Jn 20, 24-29 Aparición de Cristo resucitado a Tomás

Texto Bíblico

24 Tomás, uno de los Doce, llamado el Mellizo, no estaba con ellos cuando vino Jesús. 25 Y los otros discípulos le decían: «Hemos visto al Señor». Pero él les contestó: «Si no veo en sus manos la señal de los clavos, si no meto el dedo en el agujero de los clavos y no meto la mano en su costado, no lo creo». 26 A los ocho días, estaban otra vez dentro los discípulos y Tomás con ellos. Llegó Jesús, estando cerradas las puertas, se puso en medio y dijo: «Paz a vosotros». 27 Luego dijo a Tomás: «Trae tu dedo, aquí tienes mis manos; trae tu mano y métela en mi costado; y no seas incrédulo, sino creyente». 28 Contestó Tomás: «¡Señor mío y Dios mío!». 29 Jesús le dijo: «¿Porque me has visto has creído? Bienaventurados los que crean sin haber visto».

Sagrada Biblia, Versión oficial de la Conferencia Episcopal Española (2012)



Homilías, comentarios y meditaciones desde la tradición de la Iglesia

Cirilo de Alejandría

Sobre el Evangelio de san Juan: La presencia de Cristo trae la paz

«Entró Jesús, se puso en medio y les dijo: ”Paz a vosotros”» (Jn 20,19)
Sobre el evangelio de san Juan, Lib. 12, cap. 1: PG 74, 703-706

PG

Observa de qué modo Cristo, penetrando milagrosamente a través de las puertas cerradas, demostró a sus discípulos que era Dios por naturaleza, aunque no distinto del que anteriormente había convivido con ellos; y mostrándoles su costado y las señales de los clavos puso en evidencia que el templo que pendió de la cruz y el cuerpo que en él se había encarnado, lo había él resucitado, después de haber destruido la muerte de la carne, ya que él es la vida por naturaleza, y Dios.

Ahora bien, da la impresión de que fue tal su preocupación por dejar bien sentada la fe en la resurrección de la carne, que, no obstante haber llegado el tiempo de trasladar su cuerpo a una gloria inefable y sobrenatural, quiso sin embargo aparecérseles, por divina dispensación, tal y como era antes, no llegasen a pensar que ahora tenía un cuerpo distinto de aquel que había muerto en la cruz. Que nuestros ojos no son capaces de soportar la gloria del santo cuerpo —en el supuesto de que Cristo hubiera querido manifestarla antes de subir al Padre— lo comprenderás fácilmente si traes a la memoria aquella transfiguración operada anteriormente en la montaña, en presencia de los santos discípulos.

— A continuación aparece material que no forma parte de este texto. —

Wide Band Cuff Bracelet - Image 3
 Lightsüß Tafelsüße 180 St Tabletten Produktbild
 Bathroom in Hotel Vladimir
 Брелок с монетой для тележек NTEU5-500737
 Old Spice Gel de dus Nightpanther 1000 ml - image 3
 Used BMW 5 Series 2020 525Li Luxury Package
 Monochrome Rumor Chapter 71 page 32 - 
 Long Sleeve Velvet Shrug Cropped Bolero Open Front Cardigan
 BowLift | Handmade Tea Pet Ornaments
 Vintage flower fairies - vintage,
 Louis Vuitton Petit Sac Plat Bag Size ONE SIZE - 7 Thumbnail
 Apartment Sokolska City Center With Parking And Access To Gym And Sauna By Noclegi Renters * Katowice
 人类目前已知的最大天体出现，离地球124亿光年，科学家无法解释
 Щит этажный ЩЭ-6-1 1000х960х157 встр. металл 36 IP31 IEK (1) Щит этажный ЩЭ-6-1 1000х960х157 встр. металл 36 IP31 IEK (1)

Cuenta, en efecto, el evangelista san Mateo que Cristo, tomando consigo a Pedro, a Santiago y a Juan, subió a una montaña y allí se transfiguró delante de ellos; que su rostro resplandecía como el sol y que sus vestidos se volvieron blancos como la nieve; y que, no pudiendo ellos soportar la visión, cayeron de bruces.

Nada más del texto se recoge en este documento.